Task goal — Repeat each entry exactly and drop the pictures.

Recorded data

═══

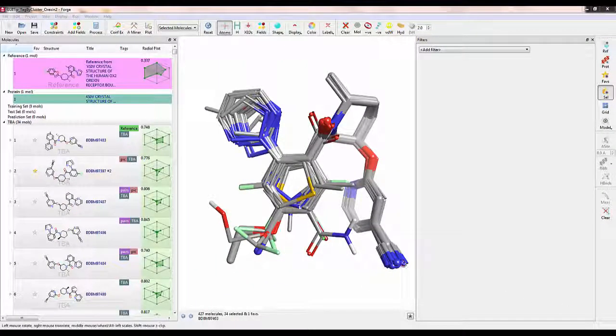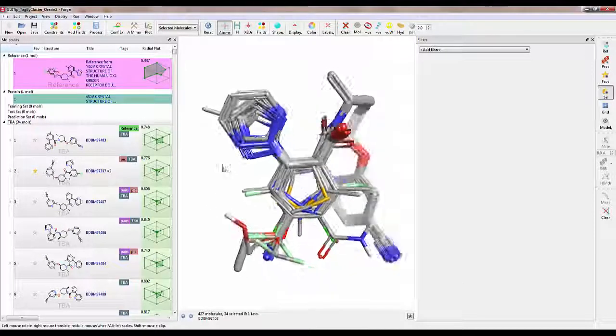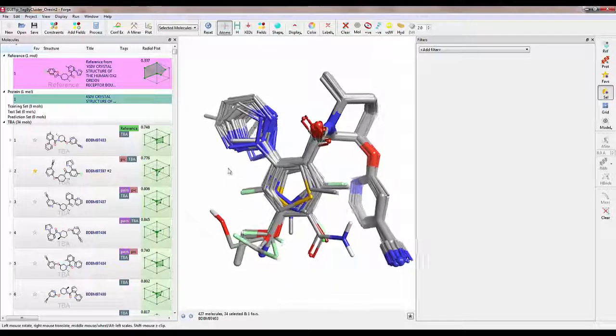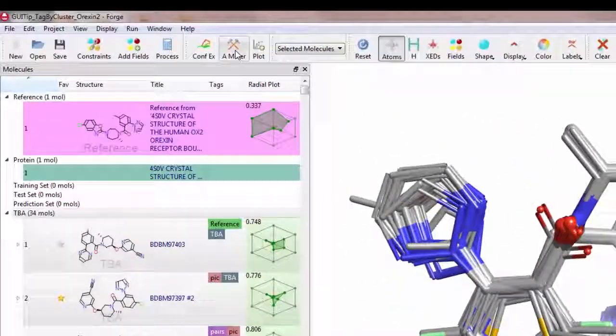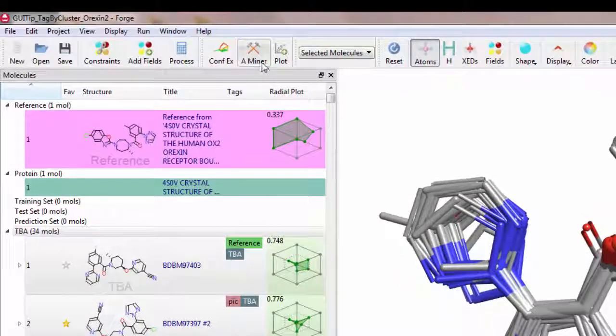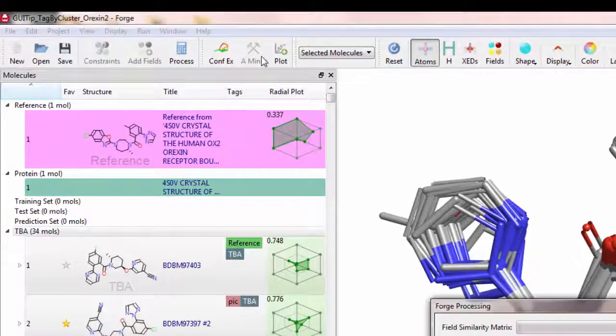In FORGE, I have an aligned set of orexin-2 inhibitors. I will run ActivityMiner on this set by pressing the ActivityMiner button.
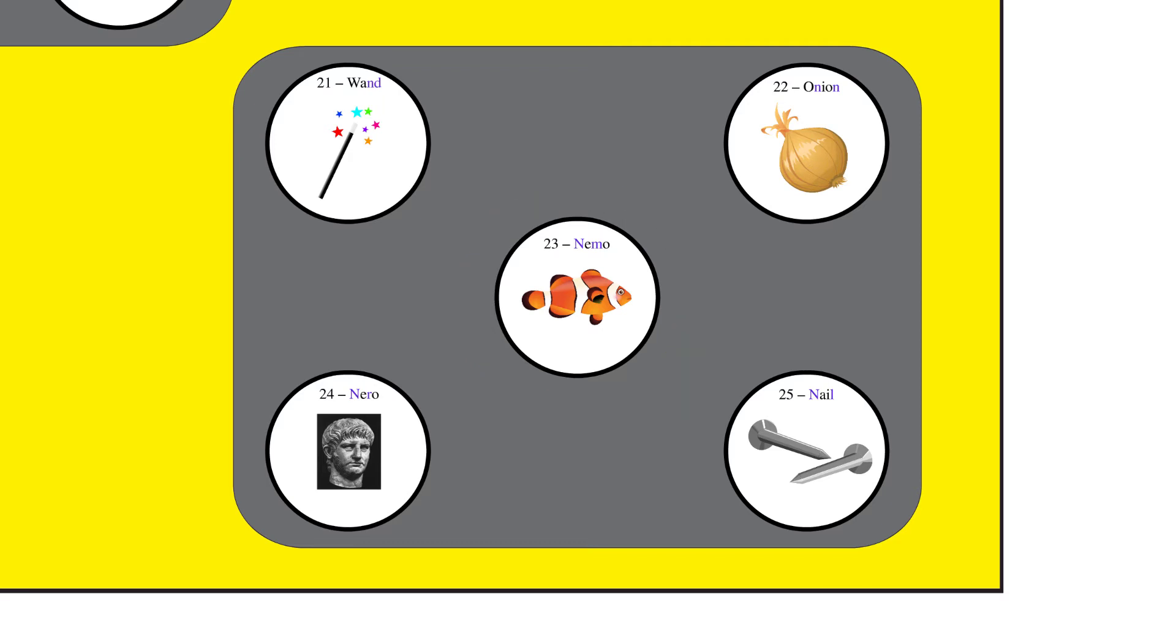It turned out that the wand had belonged to the Emperor Nero. At least, that was what was scratched into the handle with a nail.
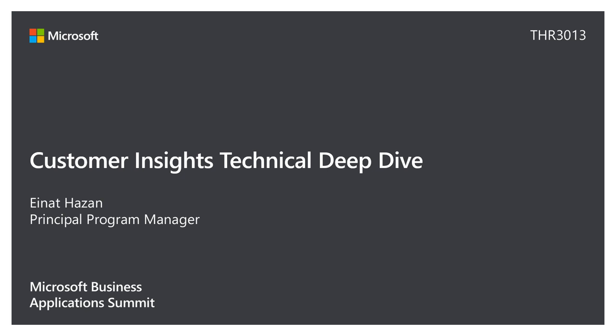Good morning, everyone. Thanks for joining me. I'm Einat Hassan. I'm a PM on the Customer Insights team. It's one of the newest additions to the Dynamics 365 family.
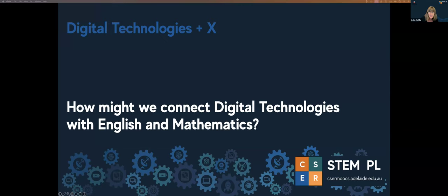Welcome everybody to this session from the computer science education research team from the University of Adelaide. Today we're talking about Digital Technologies Plus X — in particular, how you can integrate digital technologies with your English and your maths curriculum.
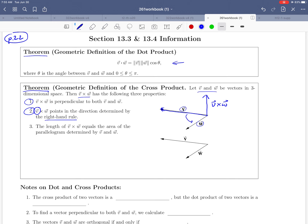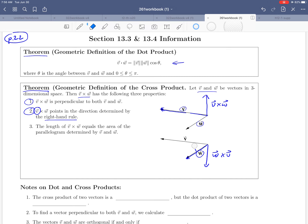What if we did it the other way around and wanted W cross V — taking the cross product in the other order? Now W is your first vector, so you align your right hand so your fingers point in the direction of W, and curl them toward V. That forces you to turn your right hand upside down. With your hand upside down, your thumb is pointing downward. So W cross V actually points in the opposite direction — down — and that's another vector perpendicular to both V and W. That illustrates point number two.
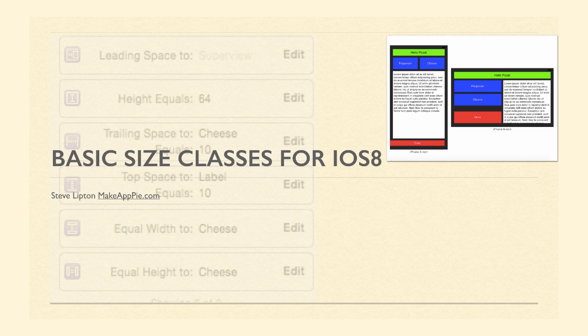Hello, I'm Steve from MakeAppPie.com. In this video, we are going to learn some more about Auto Layout and how to use Xcode's new Size Classes feature.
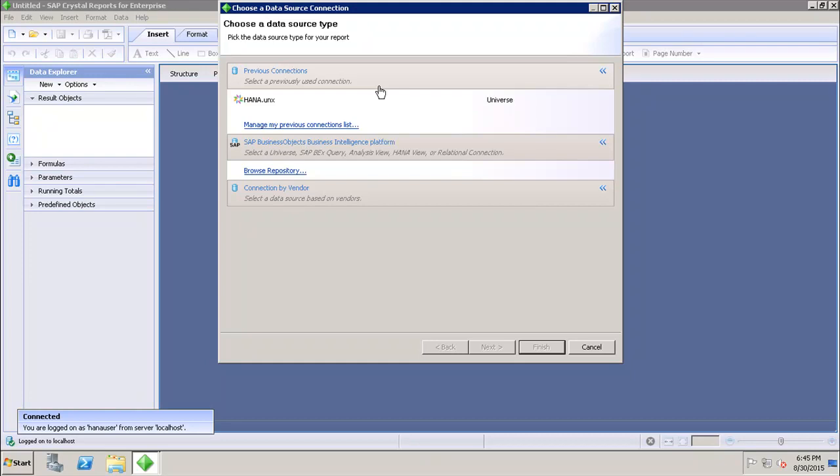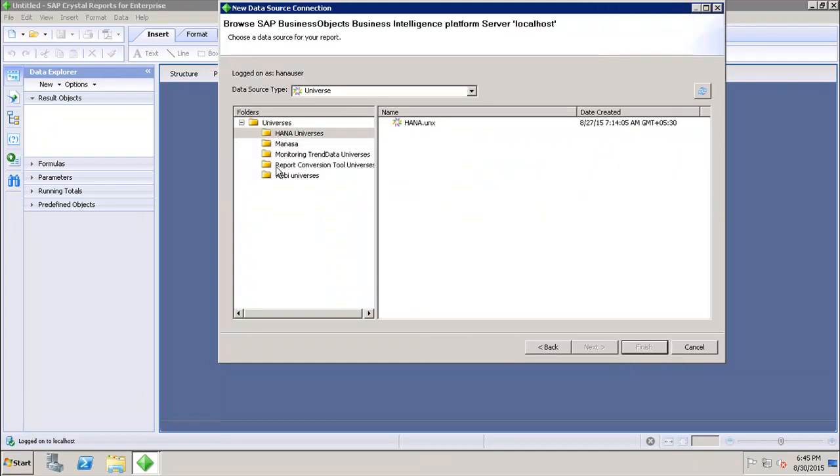Next we have SAP Business Objects Business Intelligence platform, where you can choose a universe, SAP Bex query, analysis view, HANA view, or relational connection. If you click on Browse Repository, it will show you the universes and relational connections available in the Business Objects repository.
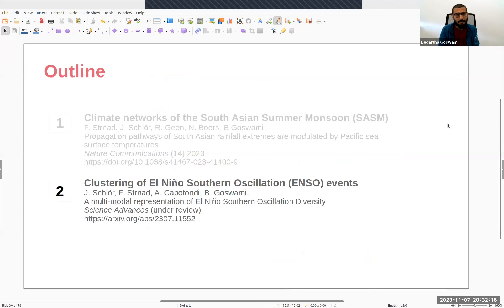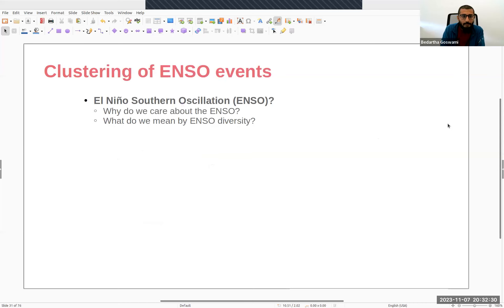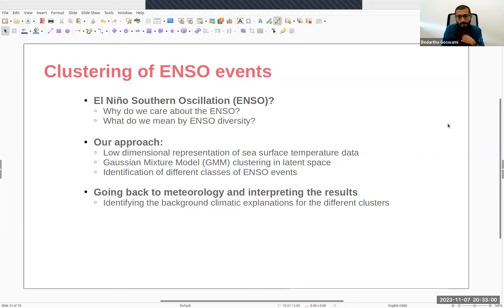That brings me to the second part of the talk, where I'll discuss how we used clustering techniques for the El Niño-Southern Oscillation and came up with something new. The talk is organized as follows: I'll explain why we care about ENSO and what we mean by ENSO diversity, then explain our approach — constructing a low-dimensional representation of sea surface temperature data and using Gaussian mixture modeling — and finally interpret results in their correct climatological and meteorological context.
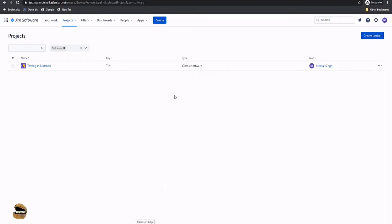To do the same, the very first thing is you'll use your credentials to log in to your Jira instance or Jira account. By default, when you land and log in inside the project for the first time, you will see the default project which was created earlier while creating the account itself. If you want, you can continue using this project, or you can also create a new project at any point of time.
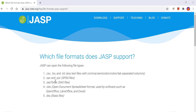Welcome. In this video I'm going to go over the basics of how to open a data file in JASP and also how to look over the basic descriptive statistics of the variables in your data file.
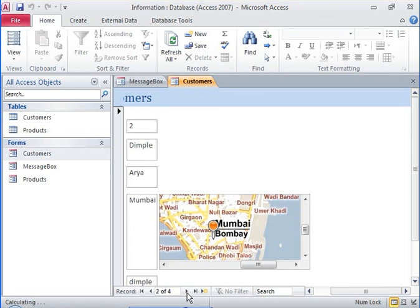In this demonstration, you have seen how to add an application part to a table in a database and a web browser control to a form in the table.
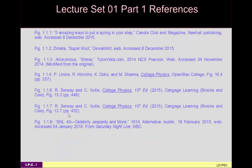That's it for this first part of lecture set one in the physics two course. Here are the basic references used for figures in this lecture. Some references don't appear directly in the video but are in the full notes distributed via Blackboard, or they appear in quiz questions shown in class. Thanks for watching today's video, and I hope you found it helpful.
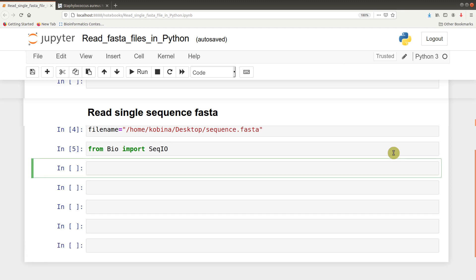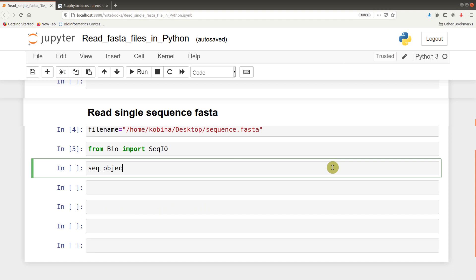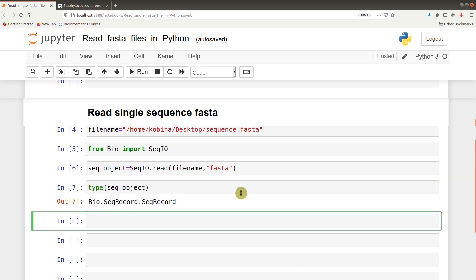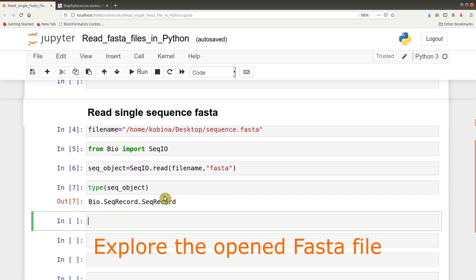After we are done with imports, we can proceed to read the FASTA file. Let's say seq_object equals SeqIO.read. We are using dot read because it's a single FASTA, it's only one record. You specify the file name and then you specify the file type which is FASTA. Now we are set. Let's say type seq_object. It's a Bio SeqRecord, that's how it gets it.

═══

Reply —
In FORGE, I have an aligned set of orexin-2 inhibitors. I will run ActivityMiner on this set by pressing the ActivityMiner button.
It turned out that the wand had belonged to the Emperor Nero. At least, that was what was scratched into the handle with a nail.
Good morning, everyone. Thanks for joining me. I'm Einat Hassan. I'm a PM on the Customer Insights team. It's one of the newest additions to the Dynamics 365 family.
Welcome everybody to this session from the computer science education research team from the University of Adelaide. Today we're talking about Digital Technologies Plus X — in particular, how you can integrate digital technologies with your English and your maths curriculum.
What if we did it the other way around and wanted W cross V — taking the cross product in the other order? Now W is your first vector, so you align your right hand so your fingers point in the direction of W, and curl them toward V. That forces you to turn your right hand upside down. With your hand upside down, your thumb is pointing downward. So W cross V actually points in the opposite direction — down — and that's another vector perpendicular to both V and W. That illustrates point number two.
Hello, I'm Steve from MakeAppPie.com. In this video, we are going to learn some more about Auto Layout and how to use Xcode's new Size Classes feature.
Next we have SAP Business Objects Business Intelligence platform, where you can choose a universe, SAP Bex query, analysis view, HANA view, or relational connection. If you click on Browse Repository, it will show you the universes and relational connections available in the Business Objects repository.
That brings me to the second part of the talk, where I'll discuss how we used clustering techniques for the El Niño-Southern Oscillation and came up with something new. The talk is organized as follows: I'll explain why we care about ENSO and what we mean by ENSO diversity, then explain our approach — constructing a low-dimensional representation of sea surface temperature data and using Gaussian mixture modeling — and finally interpret results in their correct climatological and meteorological context.
To do the same, the very first thing is you'll use your credentials to log in to your Jira instance or Jira account. By default, when you land and log in inside the project for the first time, you will see the default project which was created earlier while creating the account itself. If you want, you can continue using this project, or you can also create a new project at any point of time.
Welcome. In this video I'm going to go over the basics of how to open a data file in JASP and also how to look over the basic descriptive statistics of the variables in your data file.
In this demonstration, you have seen how to add an application part to a table in a database and a web browser control to a form in the table.
That's it for this first part of lecture set one in the physics two course. Here are the basic references used for figures in this lecture. Some references don't appear directly in the video but are in the full notes distributed via Blackboard, or they appear in quiz questions shown in class. Thanks for watching today's video, and I hope you found it helpful.
After we are done with imports, we can proceed to read the FASTA file. Let's say seq_object equals SeqIO.read. We are using dot read because it's a single FASTA, it's only one record. You specify the file name and then you specify the file type which is FASTA. Now we are set. Let's say type seq_object. It's a Bio SeqRecord, that's how it gets it.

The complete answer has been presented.